Applying transformations involves selecting the appropriate built-in transformation and configuring it to meet the specific needs of the dataset. This process is critical for ensuring that the data is in the right format and quality for downstream analytics.

In [None]:
# Example: Using the 'Map' Transformation
# This transformation applies a function to each element in a dataset.
transformed_data = data.map(lambda x: {'new_field': x['old_field'] * 2})
# The transformed_data will now contain a new field with doubled values.

### Micro-exercise: Applying Transformations
**Prompt:** Demonstrate how to apply a specific transformation in an ETL job using AWS Glue.

**Starter Code:**
```python
# Example starter code for applying a transformation
transformed_data = data.apply_transformation('transformation_name')
```
**Hint:** Make sure to check the data types before applying transformations.

In [None]:
# Starter code for Micro-exercise 2
# Applying a transformation
transformed_data = data.apply_transformation('Map')
# Print the transformed data
print(transformed_data)

## Examples of Built-in Transformations
### Example 1: Using the 'Drop Fields' Transformation
This example demonstrates how to remove unnecessary fields from a dataset to streamline data processing.
```python
transformed_data = data.drop_fields(['unnecessary_field1', 'unnecessary_field2'])
```
### Example 2: Using the 'Map' Transformation
This example shows how to apply a function to each element in a dataset, transforming the data as needed.
```python
transformed_data = data.map(lambda x: {'new_field': x['old_field'] * 2})
```

## Micro-exercises
1. **Prompt:** List the built-in transformations available in AWS Glue and describe their functionalities.
   **Hint:** Refer to the AWS Glue documentation for a comprehensive list.
2. **Prompt:** Demonstrate how to apply a specific transformation in an ETL job using AWS Glue.
   **Starter Code:**
   ```python
   # Example starter code for applying a transformation
   transformed_data = data.apply_transformation('transformation_name')
   ```
   **Hint:** Make sure to check the data types before applying transformations.

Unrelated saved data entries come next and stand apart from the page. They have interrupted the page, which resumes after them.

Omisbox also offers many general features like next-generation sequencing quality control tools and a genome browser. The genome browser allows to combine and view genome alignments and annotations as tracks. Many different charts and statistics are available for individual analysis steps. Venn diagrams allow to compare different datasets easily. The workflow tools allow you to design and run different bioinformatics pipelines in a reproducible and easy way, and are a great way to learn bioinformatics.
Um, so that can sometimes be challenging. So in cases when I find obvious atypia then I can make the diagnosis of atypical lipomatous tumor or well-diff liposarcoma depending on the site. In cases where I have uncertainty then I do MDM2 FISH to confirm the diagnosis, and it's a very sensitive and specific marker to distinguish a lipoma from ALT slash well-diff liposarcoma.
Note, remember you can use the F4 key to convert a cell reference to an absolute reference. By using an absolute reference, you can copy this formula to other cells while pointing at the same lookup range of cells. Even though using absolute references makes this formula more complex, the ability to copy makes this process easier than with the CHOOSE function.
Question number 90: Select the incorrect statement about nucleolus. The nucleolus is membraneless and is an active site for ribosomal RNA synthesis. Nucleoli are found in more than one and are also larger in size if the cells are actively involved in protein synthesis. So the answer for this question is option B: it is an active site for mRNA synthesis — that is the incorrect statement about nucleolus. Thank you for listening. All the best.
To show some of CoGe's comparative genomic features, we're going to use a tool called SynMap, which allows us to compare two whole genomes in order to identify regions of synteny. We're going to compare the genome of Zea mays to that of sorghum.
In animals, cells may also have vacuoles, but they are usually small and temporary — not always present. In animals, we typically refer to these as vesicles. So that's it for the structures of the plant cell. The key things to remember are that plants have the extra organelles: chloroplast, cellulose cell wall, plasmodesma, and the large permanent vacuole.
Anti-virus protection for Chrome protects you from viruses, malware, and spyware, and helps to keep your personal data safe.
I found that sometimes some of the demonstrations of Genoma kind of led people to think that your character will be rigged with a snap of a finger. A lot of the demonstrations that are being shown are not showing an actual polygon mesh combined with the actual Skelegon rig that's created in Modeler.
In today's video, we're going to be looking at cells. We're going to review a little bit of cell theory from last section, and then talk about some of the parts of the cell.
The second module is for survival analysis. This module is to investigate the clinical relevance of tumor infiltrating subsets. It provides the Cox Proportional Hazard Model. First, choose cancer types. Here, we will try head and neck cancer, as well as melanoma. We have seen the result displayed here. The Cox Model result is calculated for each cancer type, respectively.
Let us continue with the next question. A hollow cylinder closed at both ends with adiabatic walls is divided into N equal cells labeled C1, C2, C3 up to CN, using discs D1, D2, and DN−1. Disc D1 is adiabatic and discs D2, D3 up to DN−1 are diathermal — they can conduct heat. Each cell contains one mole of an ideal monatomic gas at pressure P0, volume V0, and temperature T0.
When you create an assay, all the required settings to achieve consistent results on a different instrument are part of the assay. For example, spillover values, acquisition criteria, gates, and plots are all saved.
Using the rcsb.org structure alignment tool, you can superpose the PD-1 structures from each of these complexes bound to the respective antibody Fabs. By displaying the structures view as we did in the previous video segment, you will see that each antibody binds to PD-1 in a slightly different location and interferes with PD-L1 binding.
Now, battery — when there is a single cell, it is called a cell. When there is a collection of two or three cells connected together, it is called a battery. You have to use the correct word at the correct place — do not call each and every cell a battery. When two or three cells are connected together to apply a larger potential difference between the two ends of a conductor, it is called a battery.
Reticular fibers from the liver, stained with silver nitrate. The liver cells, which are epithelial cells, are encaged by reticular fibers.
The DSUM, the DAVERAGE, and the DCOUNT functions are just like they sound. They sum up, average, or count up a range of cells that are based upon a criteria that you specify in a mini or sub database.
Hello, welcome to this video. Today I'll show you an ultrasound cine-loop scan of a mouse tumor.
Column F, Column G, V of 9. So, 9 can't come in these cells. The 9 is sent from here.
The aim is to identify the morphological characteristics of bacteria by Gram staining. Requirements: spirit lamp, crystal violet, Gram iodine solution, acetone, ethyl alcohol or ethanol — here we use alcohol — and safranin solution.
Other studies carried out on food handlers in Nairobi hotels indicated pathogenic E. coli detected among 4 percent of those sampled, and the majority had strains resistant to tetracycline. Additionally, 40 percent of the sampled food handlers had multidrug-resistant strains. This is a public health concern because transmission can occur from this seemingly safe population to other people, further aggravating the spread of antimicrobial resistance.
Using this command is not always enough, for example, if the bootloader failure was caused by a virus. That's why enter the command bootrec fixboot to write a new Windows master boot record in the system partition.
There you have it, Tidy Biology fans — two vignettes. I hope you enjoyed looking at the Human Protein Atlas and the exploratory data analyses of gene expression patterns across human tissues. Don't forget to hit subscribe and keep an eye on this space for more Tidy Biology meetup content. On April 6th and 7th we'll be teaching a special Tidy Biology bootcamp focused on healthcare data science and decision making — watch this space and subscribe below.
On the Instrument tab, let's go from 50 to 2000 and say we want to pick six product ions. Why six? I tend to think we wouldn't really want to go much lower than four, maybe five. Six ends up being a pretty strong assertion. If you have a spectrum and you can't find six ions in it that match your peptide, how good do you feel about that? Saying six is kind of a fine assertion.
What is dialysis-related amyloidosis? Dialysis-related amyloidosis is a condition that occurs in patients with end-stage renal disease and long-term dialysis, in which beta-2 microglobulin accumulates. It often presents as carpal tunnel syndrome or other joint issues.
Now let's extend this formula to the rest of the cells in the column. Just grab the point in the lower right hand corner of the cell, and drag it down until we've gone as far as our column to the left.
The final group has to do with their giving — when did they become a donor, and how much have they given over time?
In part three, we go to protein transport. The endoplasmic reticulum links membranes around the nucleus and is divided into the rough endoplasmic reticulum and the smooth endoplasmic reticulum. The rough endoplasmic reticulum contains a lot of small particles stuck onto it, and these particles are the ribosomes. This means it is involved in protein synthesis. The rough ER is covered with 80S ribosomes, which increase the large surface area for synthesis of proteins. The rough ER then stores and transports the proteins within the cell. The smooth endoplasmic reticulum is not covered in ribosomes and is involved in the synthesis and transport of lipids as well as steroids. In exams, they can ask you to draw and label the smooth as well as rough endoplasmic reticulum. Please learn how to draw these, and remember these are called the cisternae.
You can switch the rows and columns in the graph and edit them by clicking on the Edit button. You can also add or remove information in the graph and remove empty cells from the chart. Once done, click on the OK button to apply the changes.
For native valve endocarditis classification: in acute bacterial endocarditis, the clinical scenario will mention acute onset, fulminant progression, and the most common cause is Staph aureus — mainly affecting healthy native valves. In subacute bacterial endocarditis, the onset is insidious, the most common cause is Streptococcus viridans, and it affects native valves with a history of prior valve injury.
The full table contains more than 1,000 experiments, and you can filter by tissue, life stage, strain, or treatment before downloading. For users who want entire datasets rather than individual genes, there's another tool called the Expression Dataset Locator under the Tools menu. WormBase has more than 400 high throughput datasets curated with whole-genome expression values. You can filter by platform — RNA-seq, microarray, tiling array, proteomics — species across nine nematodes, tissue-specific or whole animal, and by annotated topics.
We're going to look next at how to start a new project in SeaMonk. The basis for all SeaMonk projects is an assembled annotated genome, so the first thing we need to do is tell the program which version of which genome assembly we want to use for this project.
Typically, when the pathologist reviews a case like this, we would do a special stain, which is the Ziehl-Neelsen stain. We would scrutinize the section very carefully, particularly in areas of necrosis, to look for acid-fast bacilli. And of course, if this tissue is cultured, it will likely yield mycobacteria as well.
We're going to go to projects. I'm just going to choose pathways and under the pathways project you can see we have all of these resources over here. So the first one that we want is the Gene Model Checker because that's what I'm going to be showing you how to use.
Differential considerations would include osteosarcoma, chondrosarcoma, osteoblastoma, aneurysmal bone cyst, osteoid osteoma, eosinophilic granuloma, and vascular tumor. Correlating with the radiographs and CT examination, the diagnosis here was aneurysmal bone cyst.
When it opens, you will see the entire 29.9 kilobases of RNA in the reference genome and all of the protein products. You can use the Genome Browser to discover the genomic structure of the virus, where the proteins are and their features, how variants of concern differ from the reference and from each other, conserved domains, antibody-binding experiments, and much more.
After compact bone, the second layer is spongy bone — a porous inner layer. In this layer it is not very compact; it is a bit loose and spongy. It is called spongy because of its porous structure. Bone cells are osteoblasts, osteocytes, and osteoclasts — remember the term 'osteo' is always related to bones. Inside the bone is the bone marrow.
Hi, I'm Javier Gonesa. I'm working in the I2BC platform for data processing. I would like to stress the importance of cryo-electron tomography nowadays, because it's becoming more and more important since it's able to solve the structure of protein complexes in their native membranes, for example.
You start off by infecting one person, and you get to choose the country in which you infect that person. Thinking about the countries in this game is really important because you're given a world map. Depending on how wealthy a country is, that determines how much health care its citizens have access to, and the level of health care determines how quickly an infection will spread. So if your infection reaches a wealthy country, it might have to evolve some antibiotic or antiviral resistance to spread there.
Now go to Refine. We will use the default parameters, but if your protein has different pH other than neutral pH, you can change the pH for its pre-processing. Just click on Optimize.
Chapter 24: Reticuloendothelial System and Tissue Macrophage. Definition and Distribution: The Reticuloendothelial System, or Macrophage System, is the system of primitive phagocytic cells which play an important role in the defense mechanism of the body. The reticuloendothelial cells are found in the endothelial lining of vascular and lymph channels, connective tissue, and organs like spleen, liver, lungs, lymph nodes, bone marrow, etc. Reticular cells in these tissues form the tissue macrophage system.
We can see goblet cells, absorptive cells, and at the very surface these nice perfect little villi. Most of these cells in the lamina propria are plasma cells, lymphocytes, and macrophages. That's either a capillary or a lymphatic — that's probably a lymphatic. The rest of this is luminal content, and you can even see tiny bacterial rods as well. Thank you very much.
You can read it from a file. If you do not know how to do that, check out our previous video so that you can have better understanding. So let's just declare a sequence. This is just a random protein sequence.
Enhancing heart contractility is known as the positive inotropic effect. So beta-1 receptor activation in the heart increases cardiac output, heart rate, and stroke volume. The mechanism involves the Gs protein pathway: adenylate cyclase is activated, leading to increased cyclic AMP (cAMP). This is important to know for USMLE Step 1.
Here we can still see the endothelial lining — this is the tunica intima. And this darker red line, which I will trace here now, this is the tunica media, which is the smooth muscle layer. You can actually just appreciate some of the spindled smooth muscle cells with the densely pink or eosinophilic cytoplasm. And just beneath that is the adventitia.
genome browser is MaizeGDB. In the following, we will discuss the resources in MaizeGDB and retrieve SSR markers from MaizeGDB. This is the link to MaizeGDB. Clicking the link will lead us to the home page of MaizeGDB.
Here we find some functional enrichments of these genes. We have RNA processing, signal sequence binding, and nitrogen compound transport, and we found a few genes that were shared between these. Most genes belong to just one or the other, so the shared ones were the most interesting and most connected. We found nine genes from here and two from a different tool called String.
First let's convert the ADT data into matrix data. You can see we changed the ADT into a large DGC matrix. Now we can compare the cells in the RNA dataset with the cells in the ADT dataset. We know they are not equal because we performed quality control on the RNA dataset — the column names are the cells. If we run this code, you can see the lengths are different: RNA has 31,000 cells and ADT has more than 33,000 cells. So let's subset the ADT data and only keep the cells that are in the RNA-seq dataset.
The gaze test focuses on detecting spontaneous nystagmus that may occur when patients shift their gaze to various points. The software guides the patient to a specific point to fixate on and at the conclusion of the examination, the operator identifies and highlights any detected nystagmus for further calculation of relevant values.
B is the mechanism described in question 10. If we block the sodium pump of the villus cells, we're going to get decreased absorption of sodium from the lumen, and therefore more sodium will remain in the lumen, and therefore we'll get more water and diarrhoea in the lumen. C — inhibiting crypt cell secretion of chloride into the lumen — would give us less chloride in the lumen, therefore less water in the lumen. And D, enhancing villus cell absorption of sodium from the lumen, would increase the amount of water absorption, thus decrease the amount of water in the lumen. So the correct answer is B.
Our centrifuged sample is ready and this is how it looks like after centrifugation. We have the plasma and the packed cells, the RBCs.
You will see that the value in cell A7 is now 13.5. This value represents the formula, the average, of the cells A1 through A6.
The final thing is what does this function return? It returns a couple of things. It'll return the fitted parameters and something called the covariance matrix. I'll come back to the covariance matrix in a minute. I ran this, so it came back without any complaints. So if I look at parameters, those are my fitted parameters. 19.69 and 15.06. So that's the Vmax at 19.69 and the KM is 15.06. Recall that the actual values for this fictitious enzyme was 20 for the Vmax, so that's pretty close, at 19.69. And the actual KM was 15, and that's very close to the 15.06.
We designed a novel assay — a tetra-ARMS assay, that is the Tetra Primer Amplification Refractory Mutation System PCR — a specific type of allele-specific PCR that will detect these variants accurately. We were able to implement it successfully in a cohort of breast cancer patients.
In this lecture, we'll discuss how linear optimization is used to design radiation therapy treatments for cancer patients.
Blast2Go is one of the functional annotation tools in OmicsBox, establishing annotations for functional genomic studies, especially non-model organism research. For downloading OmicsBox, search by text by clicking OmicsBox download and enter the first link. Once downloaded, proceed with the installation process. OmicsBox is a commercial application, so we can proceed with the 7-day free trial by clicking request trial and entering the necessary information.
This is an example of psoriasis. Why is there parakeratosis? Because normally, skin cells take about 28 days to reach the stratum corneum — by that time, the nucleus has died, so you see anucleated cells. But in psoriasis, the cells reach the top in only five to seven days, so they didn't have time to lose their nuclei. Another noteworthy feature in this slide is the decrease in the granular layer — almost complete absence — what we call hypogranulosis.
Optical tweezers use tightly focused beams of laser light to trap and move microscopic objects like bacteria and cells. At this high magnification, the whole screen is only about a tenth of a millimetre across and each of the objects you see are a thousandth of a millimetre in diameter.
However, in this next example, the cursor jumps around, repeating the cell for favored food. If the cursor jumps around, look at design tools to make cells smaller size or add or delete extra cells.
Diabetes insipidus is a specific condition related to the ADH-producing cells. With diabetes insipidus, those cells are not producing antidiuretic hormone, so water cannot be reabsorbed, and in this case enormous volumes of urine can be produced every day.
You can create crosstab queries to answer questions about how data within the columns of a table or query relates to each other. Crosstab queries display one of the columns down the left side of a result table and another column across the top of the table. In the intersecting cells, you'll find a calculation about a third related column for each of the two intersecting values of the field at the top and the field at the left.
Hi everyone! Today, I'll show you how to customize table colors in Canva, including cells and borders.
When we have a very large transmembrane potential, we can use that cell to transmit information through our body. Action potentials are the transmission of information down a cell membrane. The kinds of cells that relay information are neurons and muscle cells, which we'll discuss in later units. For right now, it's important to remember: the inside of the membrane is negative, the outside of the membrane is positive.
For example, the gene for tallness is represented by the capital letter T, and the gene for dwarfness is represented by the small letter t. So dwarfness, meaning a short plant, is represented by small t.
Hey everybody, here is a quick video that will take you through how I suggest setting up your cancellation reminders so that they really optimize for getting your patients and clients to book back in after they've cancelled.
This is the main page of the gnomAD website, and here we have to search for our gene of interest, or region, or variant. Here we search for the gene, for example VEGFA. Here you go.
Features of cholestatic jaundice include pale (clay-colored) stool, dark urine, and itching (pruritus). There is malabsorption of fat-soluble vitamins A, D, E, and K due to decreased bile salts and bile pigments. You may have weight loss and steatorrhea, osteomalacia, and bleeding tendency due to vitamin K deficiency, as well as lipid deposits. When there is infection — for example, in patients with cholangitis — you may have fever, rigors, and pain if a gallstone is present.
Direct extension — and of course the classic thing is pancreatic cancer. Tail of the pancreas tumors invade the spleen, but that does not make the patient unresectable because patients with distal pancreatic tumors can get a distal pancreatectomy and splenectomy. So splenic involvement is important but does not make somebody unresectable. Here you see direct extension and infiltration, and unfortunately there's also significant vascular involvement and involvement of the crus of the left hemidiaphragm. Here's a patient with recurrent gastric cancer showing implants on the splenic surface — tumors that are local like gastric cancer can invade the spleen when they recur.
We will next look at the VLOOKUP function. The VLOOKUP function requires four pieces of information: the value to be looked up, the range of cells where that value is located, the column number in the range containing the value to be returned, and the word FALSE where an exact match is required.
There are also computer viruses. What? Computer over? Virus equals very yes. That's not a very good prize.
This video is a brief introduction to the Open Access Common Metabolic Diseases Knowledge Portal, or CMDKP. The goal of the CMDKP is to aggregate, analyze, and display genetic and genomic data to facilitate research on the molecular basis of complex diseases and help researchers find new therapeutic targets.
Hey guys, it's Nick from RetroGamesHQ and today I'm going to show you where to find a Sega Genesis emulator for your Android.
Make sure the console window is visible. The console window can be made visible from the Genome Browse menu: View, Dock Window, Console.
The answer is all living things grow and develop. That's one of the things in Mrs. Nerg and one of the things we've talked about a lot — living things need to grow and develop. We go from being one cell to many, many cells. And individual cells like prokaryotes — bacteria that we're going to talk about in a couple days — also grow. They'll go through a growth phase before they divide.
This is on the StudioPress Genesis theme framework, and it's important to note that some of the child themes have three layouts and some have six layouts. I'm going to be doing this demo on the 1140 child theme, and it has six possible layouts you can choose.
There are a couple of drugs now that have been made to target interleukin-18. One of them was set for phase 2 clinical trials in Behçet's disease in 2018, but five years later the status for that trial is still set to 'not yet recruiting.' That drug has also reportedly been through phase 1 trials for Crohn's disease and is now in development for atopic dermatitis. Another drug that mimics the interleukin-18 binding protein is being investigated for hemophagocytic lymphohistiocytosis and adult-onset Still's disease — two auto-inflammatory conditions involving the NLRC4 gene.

## Main Exercise: Applying Built-in Transformations to a Dataset
In this exercise, you will select a dataset in AWS Glue, choose a built-in transformation to apply, and run the ETL job to observe the results. You will also document the transformation process and the output.

**Starter Code:**
```python
# Starter code for the main exercise
selected_data = glueContext.create_dynamic_frame.from_catalog(database='your_database', table_name='your_table')
transformed_data = selected_data.apply_transformation('your_transformation')
```
**Expected Outcomes:**
- A transformed dataset reflecting the applied transformations.
- Documentation of the transformation steps taken and the rationale behind them.

In [None]:
# Starter code for Main Exercise
# Load data from AWS Glue catalog
selected_data = glueContext.create_dynamic_frame.from_catalog(database='your_database', table_name='your_table')
# Apply a transformation
transformed_data = selected_data.apply_transformation('Drop Fields')
# Show the transformed data
transformed_data.show()

## Common Mistakes
- Not understanding the data type requirements for transformations.
- Applying transformations without validating the output, leading to data quality issues.

## Recap & Next Steps
In this lesson, we covered the built-in transformations available in AWS Glue, how to apply them in ETL jobs, and explored relevant use cases. Understanding these concepts is crucial for effective data preparation and ensuring data quality. In the next lesson, we will delve deeper into advanced transformation techniques.